Methods Randomised controlled trial of financial incentives to support women to stop smoking in pregnancy and prevent relapse postpartum.
Study conducted in Greater Burlington, Vermont (USA) with data collection from 2001 to 2003.
Participants Inclusion criteria: Self‐reported smoking (even a puff in the last 7 days), gestational age less than 20 weeks, living within study clinic county and not planning to move until at least 6 months postpartum, and speaks English.
Exclusion criteria: Incarceration or previous participation in the study or living with anyone who has previously participated in the study.
Recruitment: Participants were recruited from 1 of 4 large obstetric practices in the Women, Infants and Children (WIC) program. 182 women were eligible for the study, and 82 (45%) agreed to participate. Mean gestation at recruitment (I = 8.9, C = 9.5). 77 included in analysis (C = 40, I = 37).
Baseline characteristics: Pre‐pregnancy cigarettes per day (I = 18.7, C = 18.4),
Health insurance (I = 19%, C = 13%).
Progress + coding: Low SES as WIC program recipients.
Interventions Control (non‐contingent voucher): Participants received voucher independent of smoking status. US$ 15.00 per AN visit and US$ 20.00 per postpartum visit, to result in comparable average earnings to the contingent group. Both groups received routine advice from the clinic.
Intervention (contingent voucher): participants chose a quit date, and reported daily to the clinic for CO monitoring for 5 days, then urine cotinine monitoring twice weekly for 7 weeks, weekly for 4 weeks, and then every 2 weeks for the remainder of the pregnancy. Vouchers were given dependent on biochemical validation, beginning at US$ 6.25 and escalated by US$ 1.25 to a maximum of US$ 45.00. Positive test results reset voucher back to original value, but 2 consecutive negative tests restored value to pre‐reset value. It is unclear who delivered the intervention.
Main intervention strategy: Incentives (single intervention) compared to alternative intervention.
Intensity: Frequency (C = 6, I = 6), Duration (C = 6, I = 6).
Intervention provided by study staff: efficacy study.
Outcomes Biochemically validated smoking cessation (7‐day point prevalence) at >= 28 weeks' gestation (late pregnancy*), 12 weeks (0‐5 months*) and 24 weeks' (6‐11 months*) postpartum. Reduction in mean cotinine.
Mean birthweight*, gestational age, fetal growth measures (US), and proportion of NICU admissions, LBW* infants, and preterm births*.

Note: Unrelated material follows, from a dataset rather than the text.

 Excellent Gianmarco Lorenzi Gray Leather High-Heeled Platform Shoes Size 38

Nicotine withdrawal symptoms reported in associated reference (Heil 2004).
Notes Sample size justification. Some discussion of cost implications.
Risk of bias
Bias Authors' judgement Support for judgement
Random sequence generation (selection bias) Unclear risk Described as "randomisation stratified to clinics". Details of randomisation not described.
Allocation concealment (selection bias) Unclear risk No information.

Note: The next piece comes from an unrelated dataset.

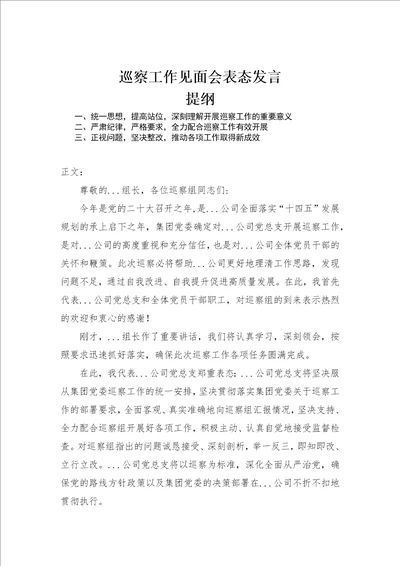 巡察工作见面会表态发言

Incomplete outcome data (attrition bias) 
 All outcomes Unclear risk 5 women withdrew from the study due to fetal demise or termination of pregnancy and were not included in the final analysis (I = 3, C = 2).
Selective reporting (reporting bias) Low risk Detailed birth outcomes reported.
Other bias Low risk No other bias detected.
Biochemical validation of smoking abstinence (detection bias) Low risk Biochemical validation using exhaled CO for 5 days (< 6 ppm) and then urine cotinine (< 80 ng/mL) after 2 weeks.
Blinding of participants and personnel (performance bias) 
 All outcomes High risk Participants and providers not blinded as receiving incentives for participation.
Blinding of outcome assessment (detection bias) 
 All outcomes Unclear risk Not reported.
Incomplete implementation Low risk Compliance with periodic assessments was relatively high (83%–95%).
Equal baseline characteristics in study arms Low risk No significant differences in socio‐demographics or smoking characteristics were noted.
Contamination of control group Low risk Very unlikely ‐ as clear voucher schemes for abstinence and non‐abstinence.